Children may celebrate when school’s out but as a mum, you’re probably wondering how you can balance their day’s activities between guilty pleasures (hello screen time!) and wholesome activities. Whether your child is under the weather or you’re simply staying indoors, here are 4 mum-approved activities that feed your child’s inquiring mind, and are easy to do when you’re staying in.
Fine Motor Photo Fun
Here’s a fun way for your child to practise fine motor movements and scissor skills, while encouraging a young mind to think critically and engage in problem-solving.
Find a collection of photos from magazines or family snapshots or print images from your computer. Glue the photos to card stock or laminate them for extra durability. Help your child draw guide lines on the photos to divide them into two or more large pieces, depending on their age and skill level.
Lines can be drawn freehand or traced using stencils like those included in our Trace Ace Scissor Skills Set. The aim is to cut along the lines to make a puzzle pieces and these can be as simple or complicated as your child can manage. Have fun playing with your new puzzles. The more photos in your collection, the more of a challenge it will be to put each individual puzzle together.
Image: Learning Resources Trace Ace Scissor Skills Set picture by Lina Awshee
Letter Look and Learn
Reinforce letter recognition and sounds while building critical thinking skills with a letter scavenger hunt around the house. Plus, this activity will get them up and moving.

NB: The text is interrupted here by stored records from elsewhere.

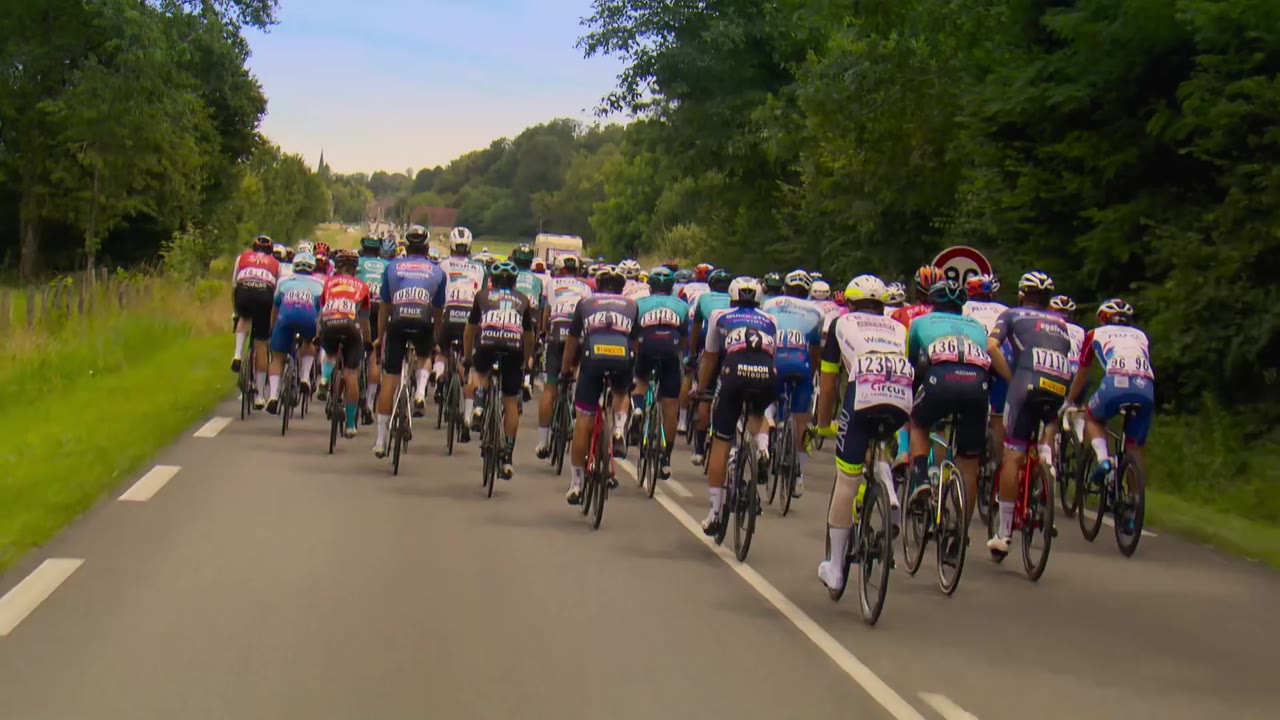 Tour de France: Trên từng dặm đường tập 3 cảnh 2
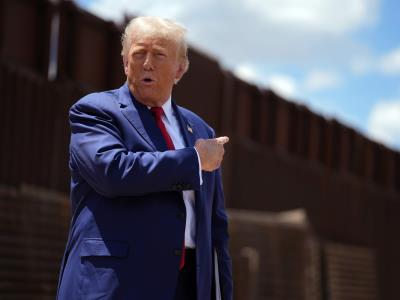 Donald Trump pide a indocumentados «autodeportarse»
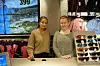 SOLBRILLER. Fra høyre, butikksjef Line Renate Magnussen (25) og butikkmedarbeider Matilde Sharm (17) får solgt en god del solbriller i påsken. Foto: Nika Nielsen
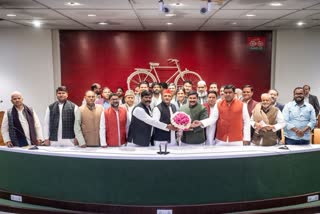 Backward Muslim Community met Akhilesh Yadav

Give your child a set of letters from A-Z – try our Soft Foam Magnetic Letters, Letter Blocks, or make your own by writing each letter on a square of card. Send your child off on a mission of discovery to find items in your home that start with each letter of the alphabet and mark them with the corresponding letter. Have your child take you or another family member on a tour of their letter hunt as they collect up their letters from A to Z.
Other ways to play:
If you have more than one child to play, challenge them to complete their letter hunt first. Once an item has been marked with a letter, it can’t be used again, so they’ll have to find another item for that letter. To make the activity a little more challenging if your child is ready, have them carry a notebook and write out the name of the items they find to practice handwriting and spelling skills. Then, ask them to use each word to write a complete sentence or create a story using all the words.
Dual Dice Duel
If you have four dice around the house, you can have a maths duel.
Here’s how to play:
- Give each player two dice, or for extra fun, try using one Jumbo Dice in Dice per player instead.
- Depending on the player’s skill level, decide if you’ll be practicing number recognition/value, addition or multiplication.
- Each player rolls their dice.
- If playing for number recognition and value, each player calls out their number rolled from left to right. For example, if you roll a 4 and a 5, your number for that round is 45. The player with the higher number wins that round.
- If playing for addition or multiplication, add or multiply your two dice together. The player with the higher total wins that round.
- The first player to get 10 points wins.
Other ways to play:
Add more dice to the game to make it even more of a challenge. Try Polyhedral Dice with 8, 10 or more sides for more complex challenges.
Use multi-coloured dice and assign each colour a function. Add your red dice number, subtract your blue dice number, and so on, to get your total for the round.
While the kids are circling the kitchen for their fourth round of snacks, put them to work at the fridge with Soft Foam Magnetic Letters and a homemade worksheet.
- Using a blank sheet of construction paper, use a marker to write the letters of the alphabet. Create one sheet with the letters in order and on another, jumble them up. (You can also create and print this out on your computer.)
- Attach the paper to your fridge.
- Using magnetic letters, have your child match the letter to a magnet, covering the letter on the paper with the corresponding letter magnet.
Other ways to play:
Take the game to the next level by creating additional sheets spelling out short words or print out photos of words and have your child spell them in letter magnets.